The Three Questions That Reveal Your Soul's Purpose
- craigstamper
- Mar 10
- 2 min read
After 45 years of guiding people toward their deepest truth, I have found that three simple but profound questions — asked honestly and sat with patiently — unlock more clarity about life purpose than any technique or system ever could.
These are not questions to answer quickly. They are questions to live with, to journal about, to return to again and again as you grow and change. Let them work on you over time.
Question One: What Makes You Come Alive?
Not what you're good at. Not what others expect of you. Not what pays the bills. What makes you come alive?
There are moments in every life when time seems to stop, when you are so fully engaged in what you are doing that the world falls away. These moments are signposts. They point toward your purpose.
Your soul did not come into this life to merely survive. It came to express something unique through you. What makes you come alive is a clue to what that something is.
Question Two: What Breaks Your Heart?
Purpose is not only found in joy — it is also found in pain. The suffering in the world that moves you most deeply, the injustice that you cannot ignore, the need that calls to you even when you try to look away — these reveal the work your soul is here to do.
Your heartbreak is not a weakness. It is a compass. It shows you where your gifts are needed most.
Question Three: What Would You Do If You Knew You Could Not Fail?
Fear is the great silencer of purpose. So many people spend their lives in quiet desperation, knowing deep down what they are meant to do but too afraid to pursue it.

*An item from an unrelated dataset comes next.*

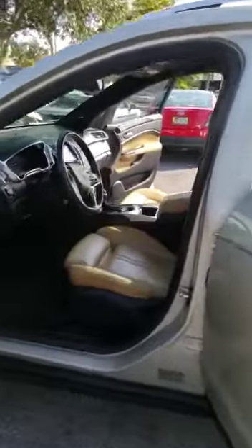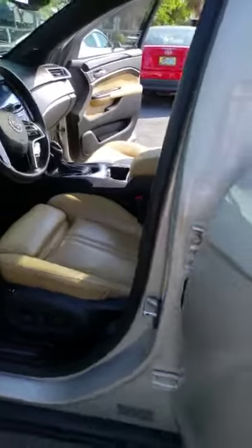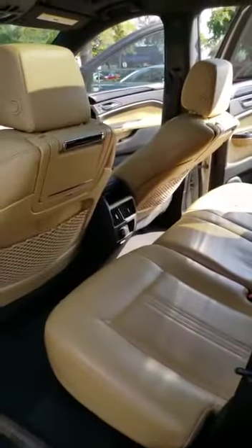Some leather seats, has the backup camera, panoramic sunroof, has the heated seats, and it's got AC vents in the back as well.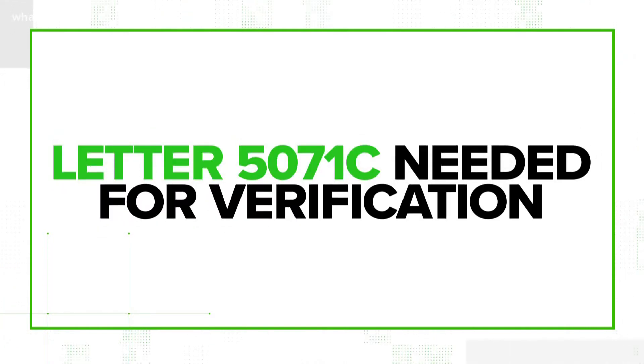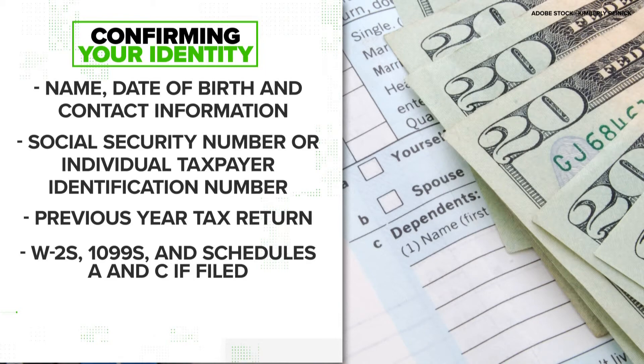If the IRS stops a suspicious tax return filing, they might send you a letter 5071C. This would ask you to verify your identity either through phone or through the IRS's Identification Verification Service. You'll need your basic personal information as well as the previous year's tax return and supporting documents like your W-2s.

If failure were impossible — if you knew with absolute certainty that you would succeed — what would you do? What dream would you chase? What gift would you finally share with the world?
The answer to this question is often the truest expression of your soul's purpose, buried beneath layers of doubt and practicality.
Living the Questions
The poet Rilke wrote, 'Live the questions now. Perhaps you will then gradually, without noticing it, live along some distant day into the answer.'
I have found this to be profoundly true. Purpose is not usually discovered in a single flash of insight. It is revealed slowly, through honest inquiry and patient attention to the stirrings of your own soul.
Begin with these three questions. Write about them. Meditate on them. Discuss them with someone you trust. And most importantly, be willing to follow where they lead — even if the path is not what you expected.
Your purpose is waiting for you. It always has been.